START AVAILABLE RECORDS

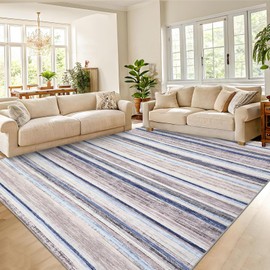 SLEKVERSA Area Rug for Bedroom Washable Rugs 5x7 Modern Striped Carpet Non Slip Non Shedding Floor Covering Stain Resistant Contemporary Mats for Nursery Living Room Office, Blue/Camel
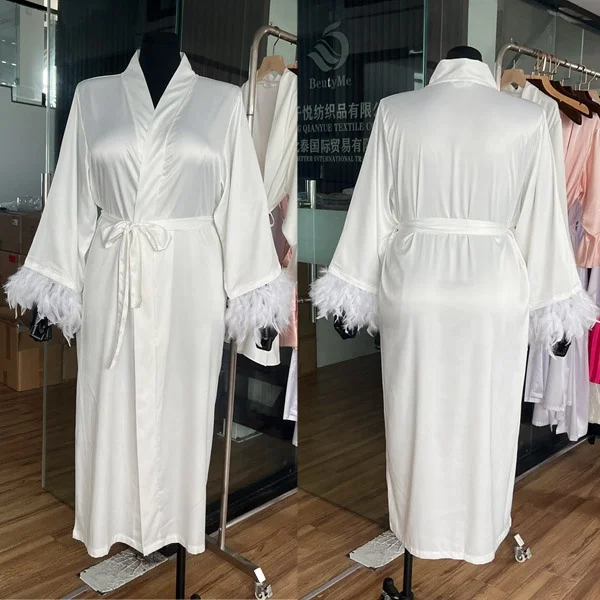 Plus Size Women's Matte Satin Wedding Gown Solid Long Feather Robe Casual Bride Bridesmaid Sleepwear Plain Dyed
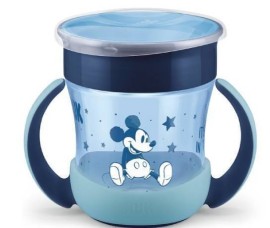 Nuk Παιδικό Ποτηράκι Mini Magic Cup Night Mickey 6μ+ με Χείλος και Καπάκι από Πλαστικό Μπλε 160ml 10.255.022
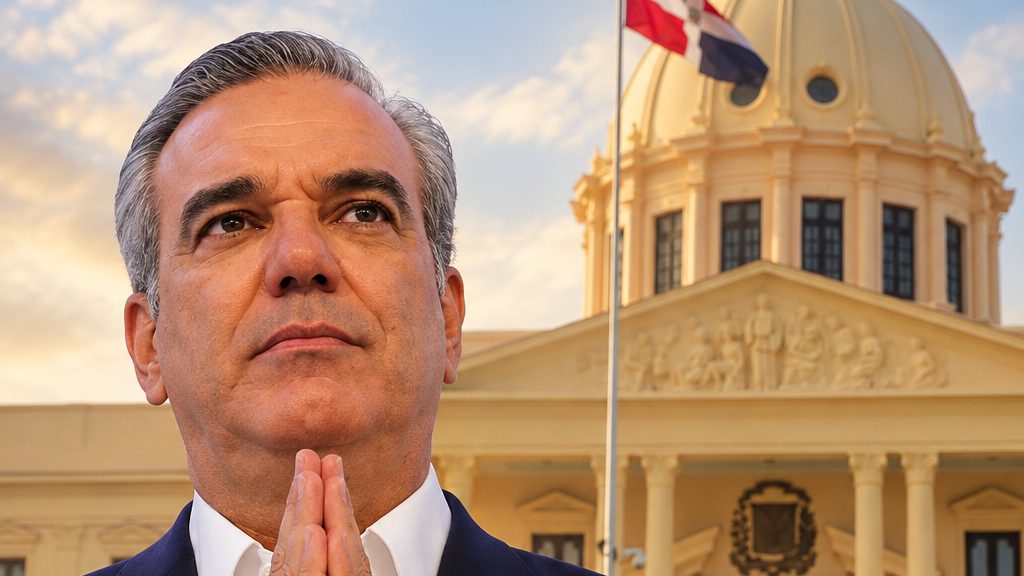 Presidente Luis Abinader frente al Palacio Nacional durante acto oficial con funcionarios públicos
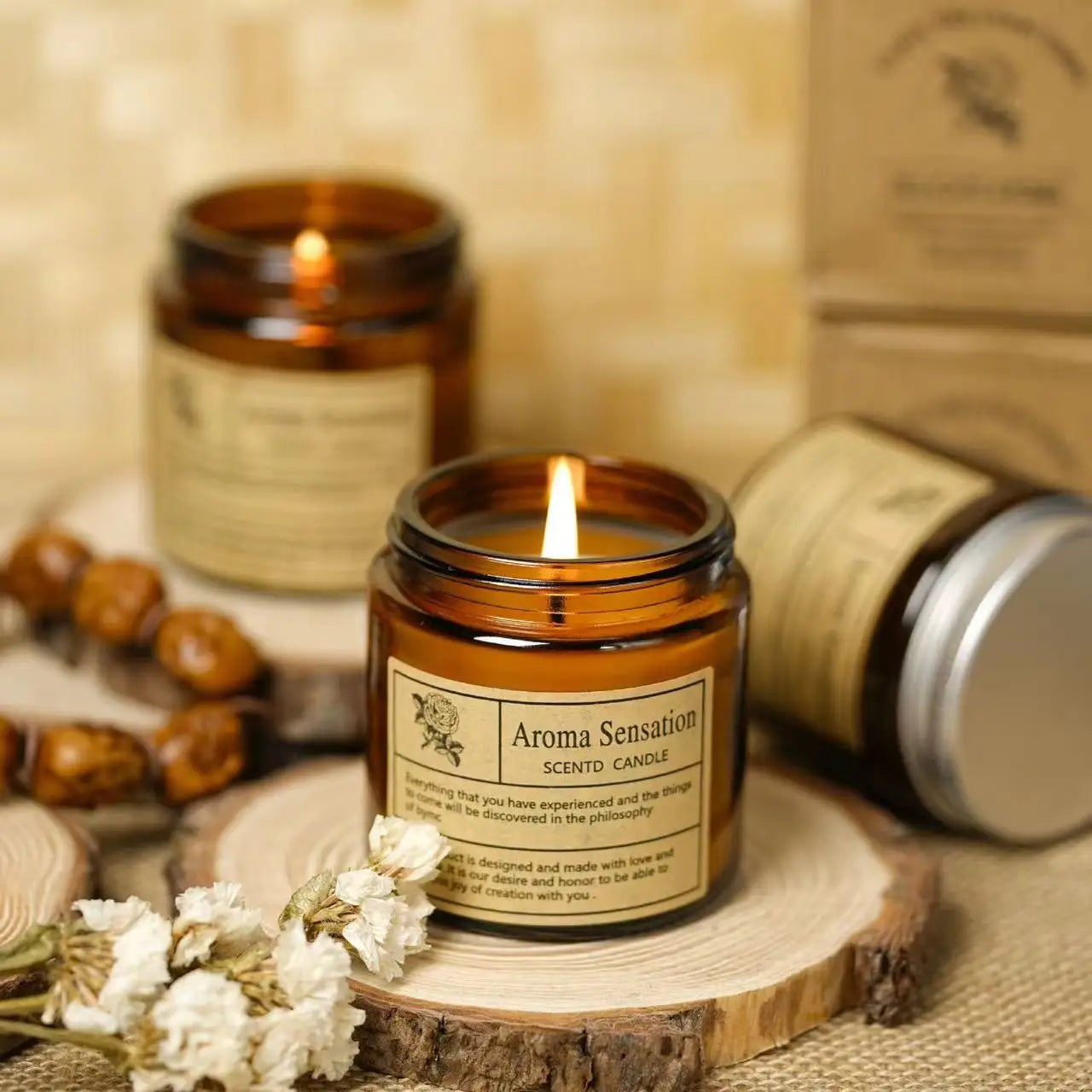 Aromatherapy essential oil candle smokeless soybean candle cup household fragrance ornament souvenir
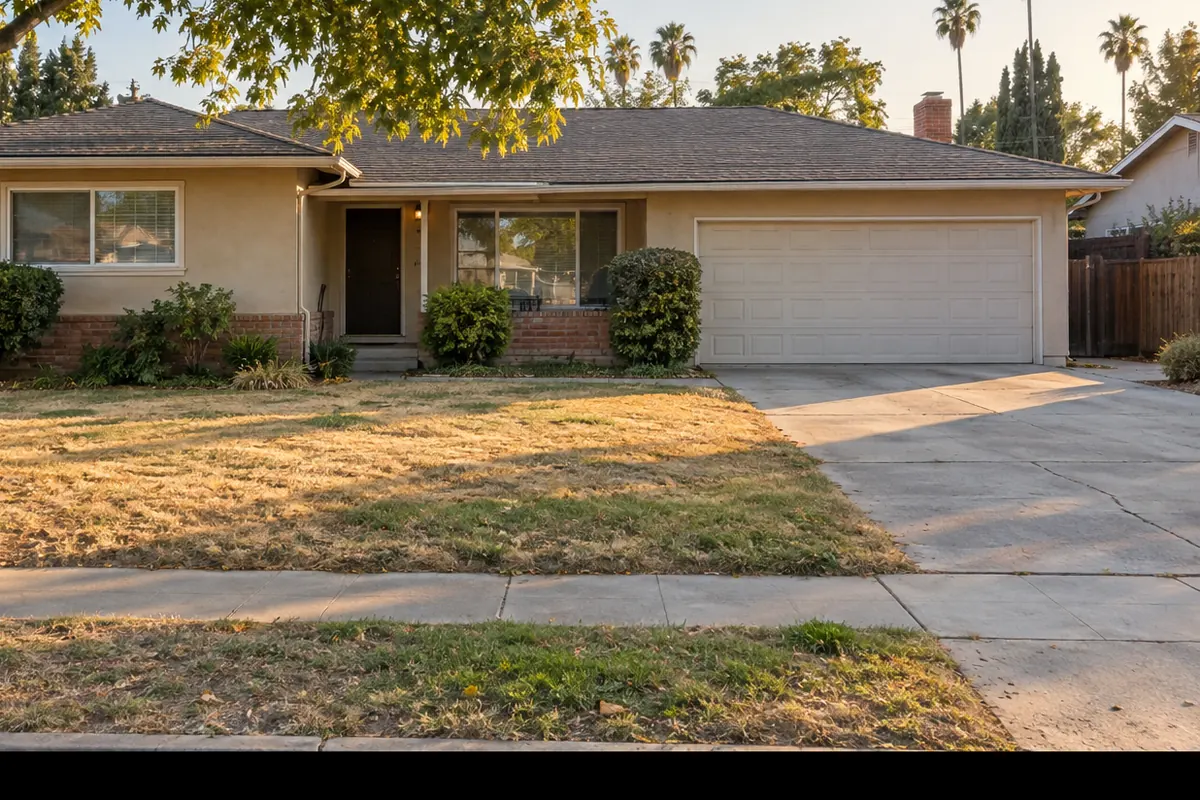 Single-story beige stucco ranch house with a brick wainscot, two-car garage, dry front lawn and palm trees behind it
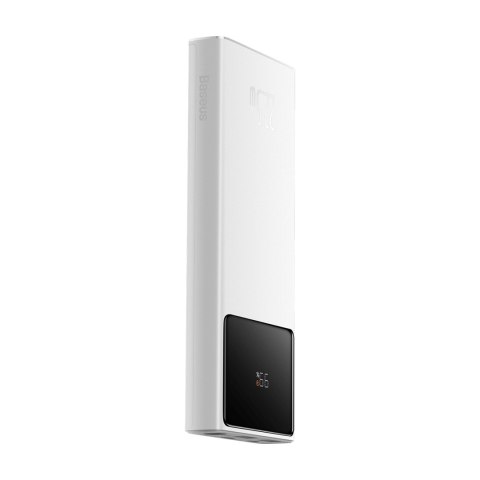 Powerbank 10000mAh USB-A USB-C z wyświetlaczem kablem 22.5W - biały BASEUS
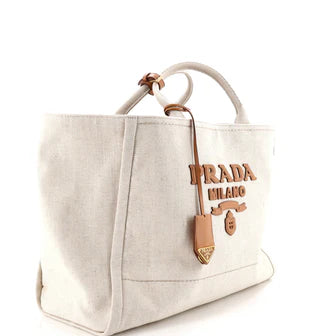 Prada Logo Tote Linen Blend Large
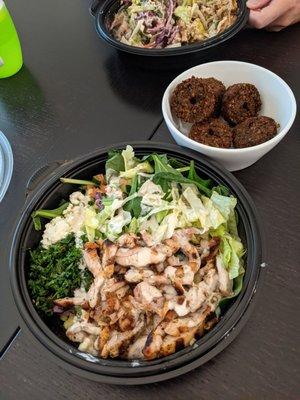 Plate with chicken schwarma and side of falafel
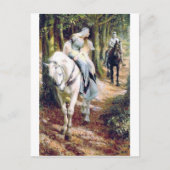 Knight lady white horse medieval romantic briefkaart (Voorkant)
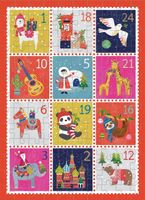 Galison Holiday Stamps - puzzle image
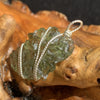 Moldavite Sterling Silver Wire Wrapped Pendant 1832-Moldavite Life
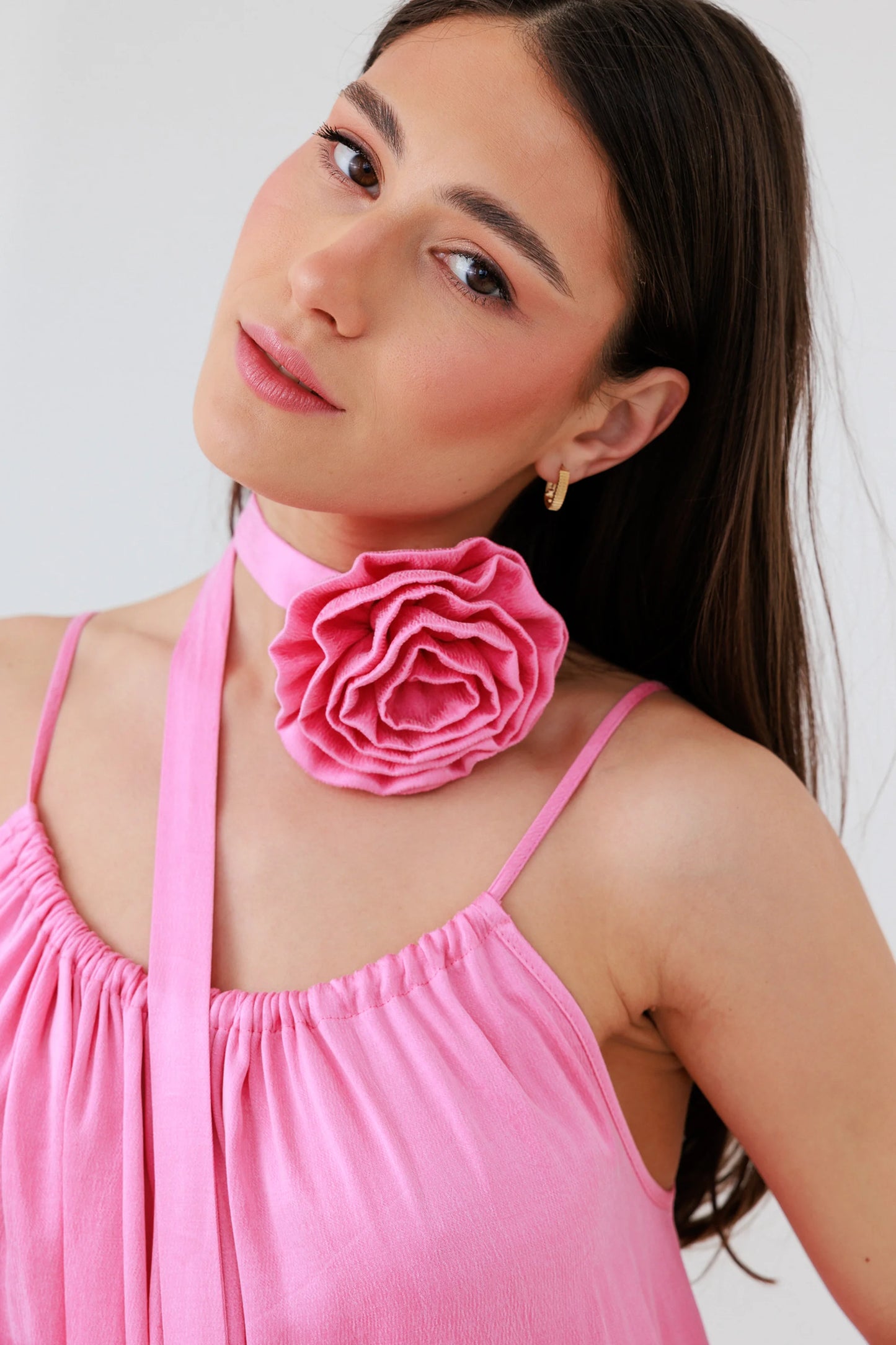 Sukienka Capri Pink z różą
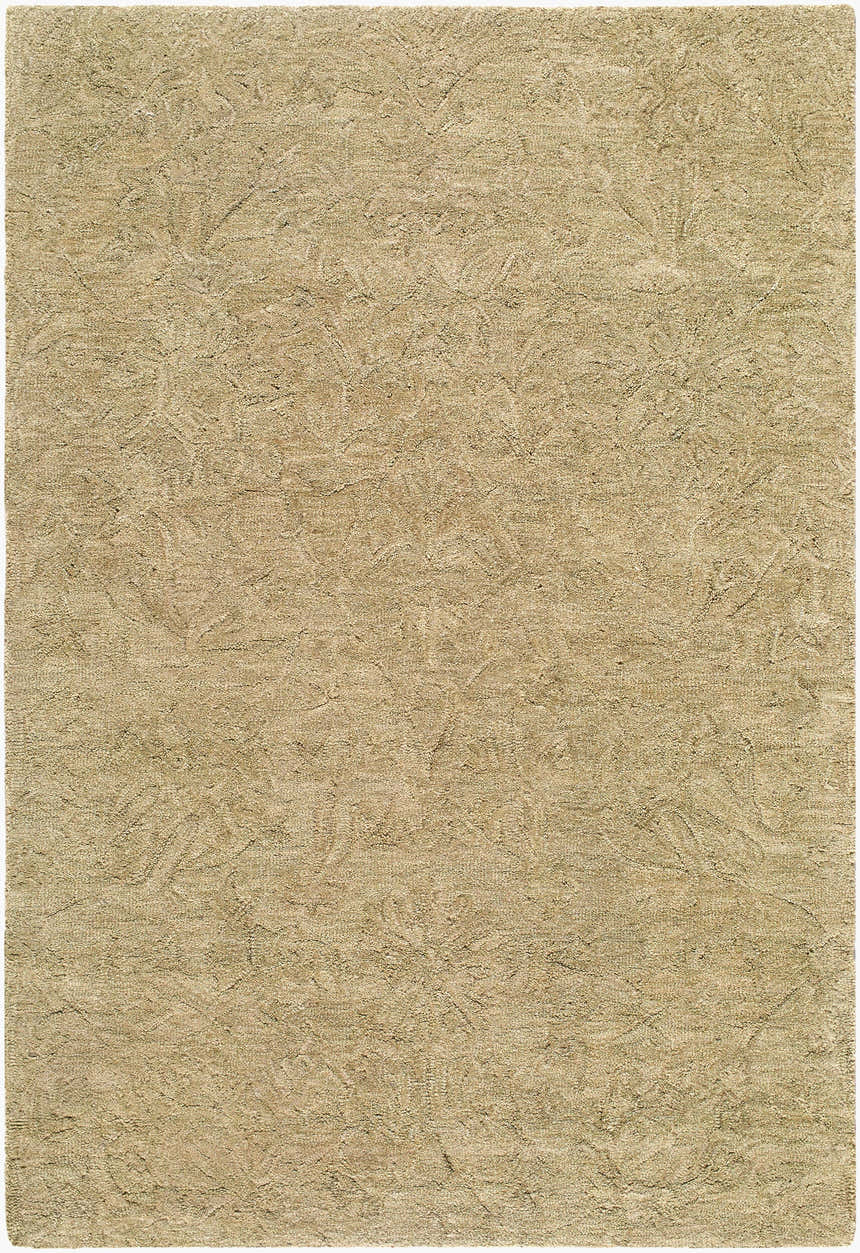 Close-up of the Neutral Edit Handmade Rachel Zoe x LIVABLISS RZNE-2303 Area Rug. Tan, beige, and sandstone wool with subtle pattern. Design-Rectangle-576
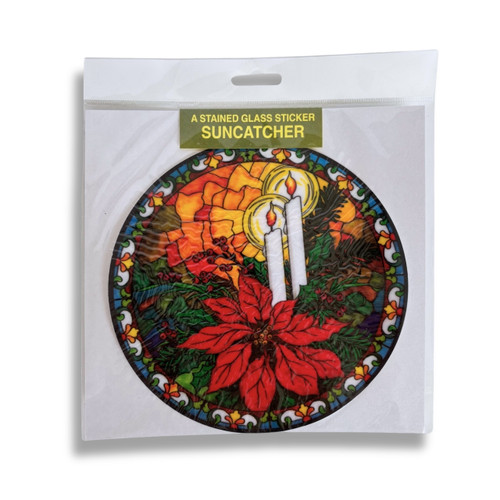 Poinsettia and Candle Christmas Suncatcher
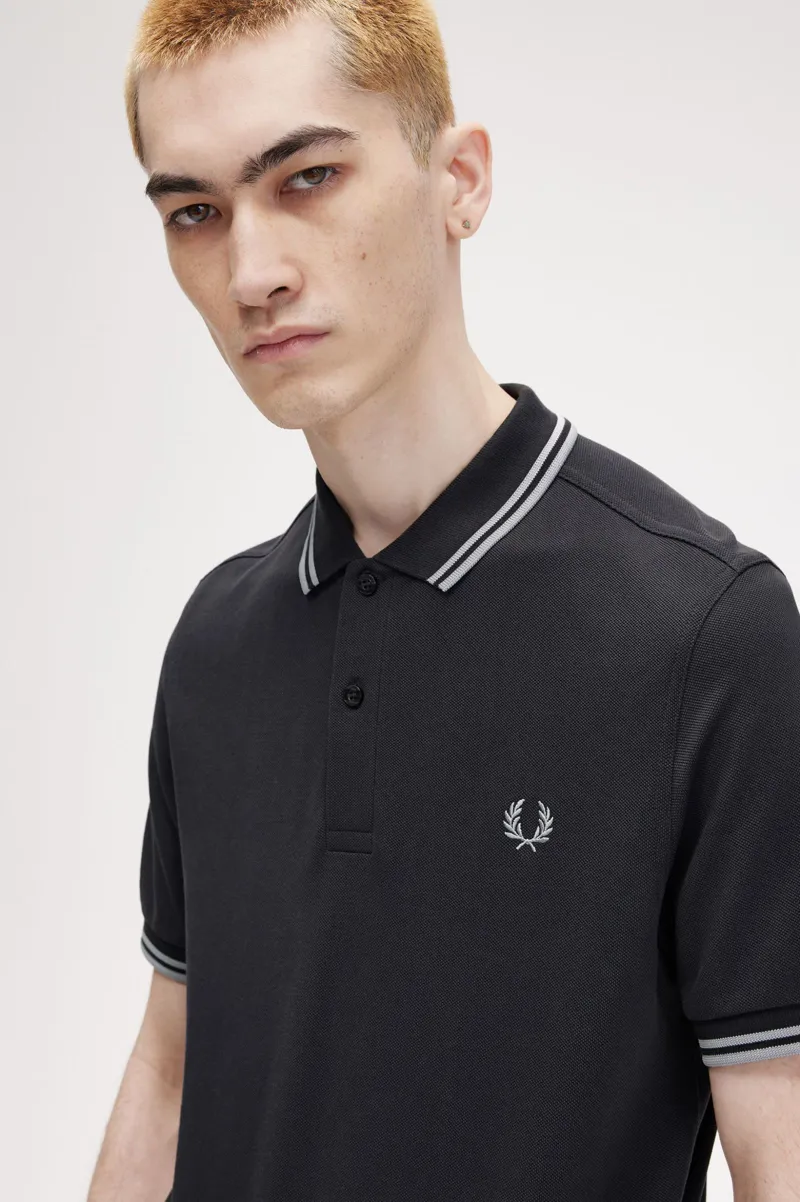Fred Perry M3600-V56 Polo T-shirt Anchor Grey/Oatmeal-5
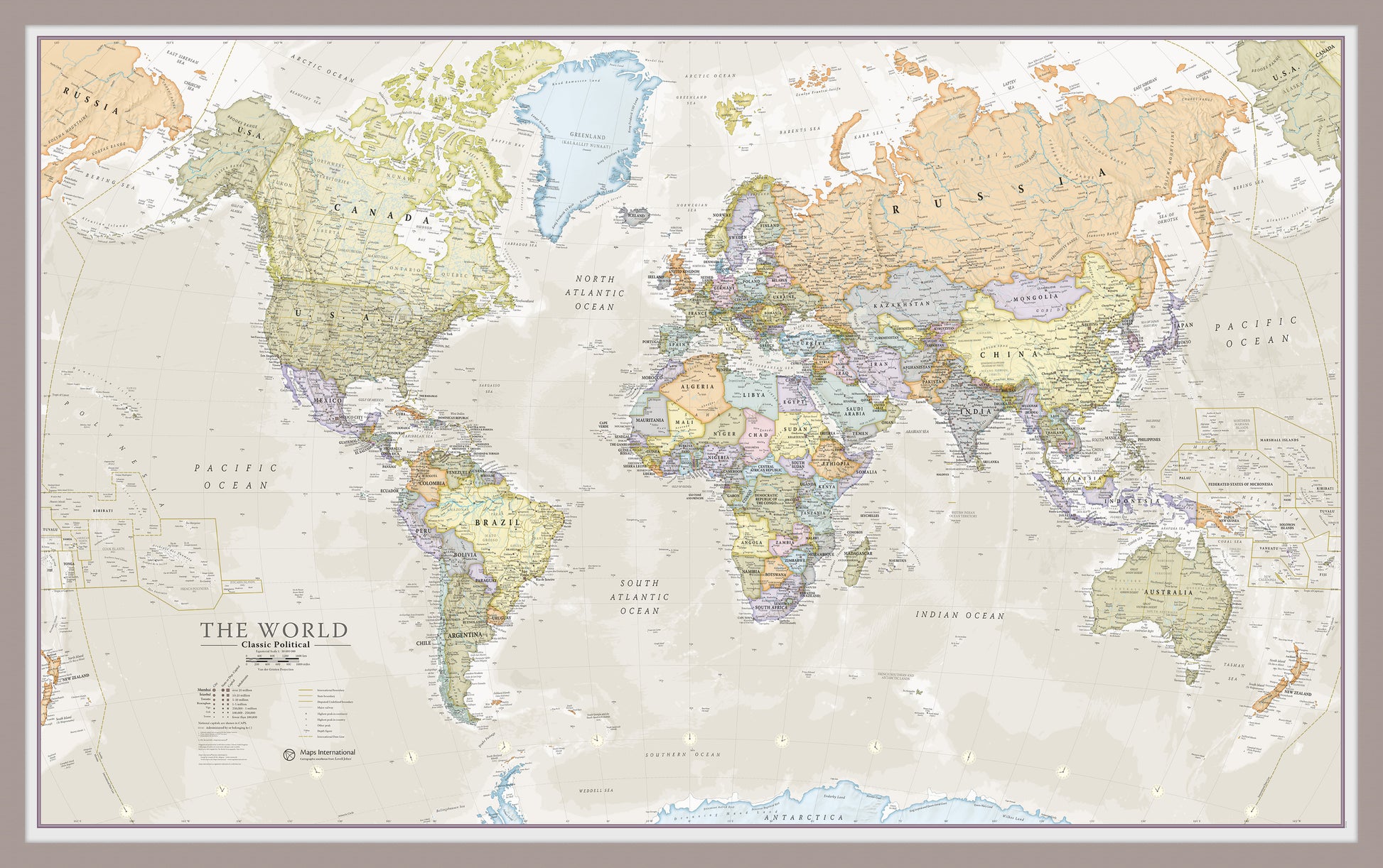 Classic World Map Aluminium Frame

END AVAILABLE RECORDS

* PROBLEM TO WORK ON: Please leave out the pictures as you reproduce the lines exactly, from the first line of the entries through the line containing "Sukienka Capri Pink z różą".

* EXPECTED OUTPUT:
 SLEKVERSA Area Rug for Bedroom Washable Rugs 5x7 Modern Striped Carpet Non Slip Non Shedding Floor Covering Stain Resistant Contemporary Mats for Nursery Living Room Office, Blue/Camel
 Plus Size Women's Matte Satin Wedding Gown Solid Long Feather Robe Casual Bride Bridesmaid Sleepwear Plain Dyed
 Nuk Παιδικό Ποτηράκι Mini Magic Cup Night Mickey 6μ+ με Χείλος και Καπάκι από Πλαστικό Μπλε 160ml 10.255.022
 Presidente Luis Abinader frente al Palacio Nacional durante acto oficial con funcionarios públicos
 Aromatherapy essential oil candle smokeless soybean candle cup household fragrance ornament souvenir
 Single-story beige stucco ranch house with a brick wainscot, two-car garage, dry front lawn and palm trees behind it
 Powerbank 10000mAh USB-A USB-C z wyświetlaczem kablem 22.5W - biały BASEUS
 Prada Logo Tote Linen Blend Large
 Plate with chicken schwarma and side of falafel
 Knight lady white horse medieval romantic briefkaart (Voorkant)
 Galison Holiday Stamps - puzzle image
 Moldavite Sterling Silver Wire Wrapped Pendant 1832-Moldavite Life
 Sukienka Capri Pink z różą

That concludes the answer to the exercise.